It is the nature of a representative democracy that people will sometimes be represented by politicians with whom they disagree. Ask a Republican in New York City how they feel about their representatives or ask a Democrat, well, anywhere, how they feel about their president. It’s the trade-off of having elections.

In general, though, the system works — in part because representatives generally reflect the will of the majority of people they represent. That was largely true following Wednesday’s vote in the House of Representatives to impeach President Trump. It will probably be less true once the impeachment fight moves to the Senate.

About 53 percent of the House members who voted Wednesday supported impeachment. Because each district in the House is about the same size, that means that 53 percent of the population of the country lives in districts whose members of Congress supported impeachment.

To our original point, that doesn’t mean that everyone in those districts supported how their representatives were voting. Compared with Post-ABC News polling completed this month, the vote in the House was more strongly pro-impeachment than are Americans overall. Support for impeachment in the House edged out opposition by about eight percentage points. In our poll, support for impeachment (and removal) was three points higher than opposition.

In the Senate, where that vote on removal will take place, the picture is very different. There hasn’t been a vote on impeachment yet, and in fact most senators haven’t even stated a position on the issue. (Many, but not all, are declining to offer a position, acting under the theory that they are jurors in Trump’s impeachment trial.)

If we assume a party-line vote (which is essentially what happened in the House), 53 percent of senators would oppose impeachment — but more than half the country would live in states whose senators favored impeachment. (For these calculations, we assigned half of the state’s population to each senator to account for states with split-party senators. Independents were presumed to support removal.)

That opposition to impeachment also means that a party-line Senate vote would even less accurately reflect public polling. The difference between our theoretical Senate vote margin and the Post poll is nine points; for the House it was a bit under five points.

Isn’t this just a way to say that “the Senate isn’t representative of the population?” Sure. But that manifests in interesting ways on this particular issue.

Consider, for example, that it requires 67 votes in the Senate to oust Trump from office. That means that 34 votes are needed to preserve his position.

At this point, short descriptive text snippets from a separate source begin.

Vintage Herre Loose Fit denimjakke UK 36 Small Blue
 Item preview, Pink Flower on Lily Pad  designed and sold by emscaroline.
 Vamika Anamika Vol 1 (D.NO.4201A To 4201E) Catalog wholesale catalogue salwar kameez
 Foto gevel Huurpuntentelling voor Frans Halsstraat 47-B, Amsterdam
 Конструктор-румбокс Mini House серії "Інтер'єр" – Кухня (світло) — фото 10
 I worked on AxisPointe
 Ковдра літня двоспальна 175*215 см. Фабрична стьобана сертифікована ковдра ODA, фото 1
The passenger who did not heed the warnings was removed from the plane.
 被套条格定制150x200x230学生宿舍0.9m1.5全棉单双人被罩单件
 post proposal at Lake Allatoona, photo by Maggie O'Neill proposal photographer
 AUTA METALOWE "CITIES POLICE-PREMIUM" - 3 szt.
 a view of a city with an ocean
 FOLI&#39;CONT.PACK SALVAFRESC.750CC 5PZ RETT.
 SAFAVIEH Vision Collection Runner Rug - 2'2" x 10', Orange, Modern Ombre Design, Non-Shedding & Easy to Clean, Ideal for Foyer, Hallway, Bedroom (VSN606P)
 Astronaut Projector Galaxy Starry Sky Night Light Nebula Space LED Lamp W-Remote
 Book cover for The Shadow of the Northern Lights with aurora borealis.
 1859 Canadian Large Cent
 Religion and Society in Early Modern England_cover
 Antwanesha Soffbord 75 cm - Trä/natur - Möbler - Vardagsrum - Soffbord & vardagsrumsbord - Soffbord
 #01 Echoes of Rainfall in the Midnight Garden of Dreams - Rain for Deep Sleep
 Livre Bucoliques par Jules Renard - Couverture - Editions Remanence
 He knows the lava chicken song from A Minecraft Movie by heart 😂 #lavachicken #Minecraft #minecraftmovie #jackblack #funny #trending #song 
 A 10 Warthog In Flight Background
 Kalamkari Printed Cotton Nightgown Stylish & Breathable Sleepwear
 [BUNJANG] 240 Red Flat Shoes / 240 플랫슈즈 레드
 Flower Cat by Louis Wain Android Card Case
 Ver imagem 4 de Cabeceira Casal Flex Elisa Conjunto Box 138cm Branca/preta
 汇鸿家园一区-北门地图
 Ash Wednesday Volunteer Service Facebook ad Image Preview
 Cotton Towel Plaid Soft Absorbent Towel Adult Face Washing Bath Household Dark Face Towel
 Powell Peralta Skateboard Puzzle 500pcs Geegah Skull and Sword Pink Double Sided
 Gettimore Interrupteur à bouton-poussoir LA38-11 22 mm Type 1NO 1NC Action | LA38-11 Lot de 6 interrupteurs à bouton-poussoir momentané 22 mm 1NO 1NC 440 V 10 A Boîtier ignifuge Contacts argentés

Even if he were deeply unpopular, if Trump maintained support from senators in 17 states, he could keep his job. Meaning, in the most extreme scenario, that he could be impeached but not removed from office if senators from the 17 least-populous states — representing about 7 percent of the population — decided to stand by him.

In the House, representatives’ votes on impeachment probably didn’t frustrate that many people. About 66 percent of people who voted for Hillary Clinton in 2016 live in districts whose representatives supported impeachment; about 60 percent of Trump voters live in districts whose representatives opposed it.

Most white Americans live in districts whose members opposed impeachment in the House, while 65 percent of black and 71 percent of Hispanic Americans live in districts whose members supported it.

In general, that mirrored polling. Whites were about 11 percentage points more likely to live in districts whose members opposed impeachment and, according to the Post-ABC News poll, oppose impeachment and removal by about 13 points. Hispanic Americans were 42 points more likely to live in pro-impeachment districts (so to speak), a bit wider than the margin of support for impeachment in the poll.

Interestingly, because men more broadly oppose impeachment, the gap between the percentage of men who live in pro-impeachment districts and their views of it was broad, about 16 points. Among women, who generally support impeachment, the gap was much smaller.

In the Senate, things don’t line up as neatly. Again assuming a party-line vote, white Americans would be about as likely to be represented by a pro- as anti-impeachment senator. Black Americans, though, thanks to the density of the black population in Southern states, would be much more likely to be represented by a anti-impeachment senator. Overall, 6 in 10 nonwhite Americans in our poll supported impeachment.

The result is that both Hispanic and white Americans would have their views on impeachment less well represented in a party-line vote in the Senate.

Again: This is how the Senate works! It’s intended to be a different type of representative body. In a moment when there’s a lot of attention paid to the vagaries of the Constitution (impeachment, the electoral college), we should not be surprised by the extent to which the Senate deviates from national trends.

In this case, however, there’s an added significance to how the Senate works. Impeachment passed in the House by a modest margin. In the Senate, Trump’s existing advantage is only heightened on this critical vote.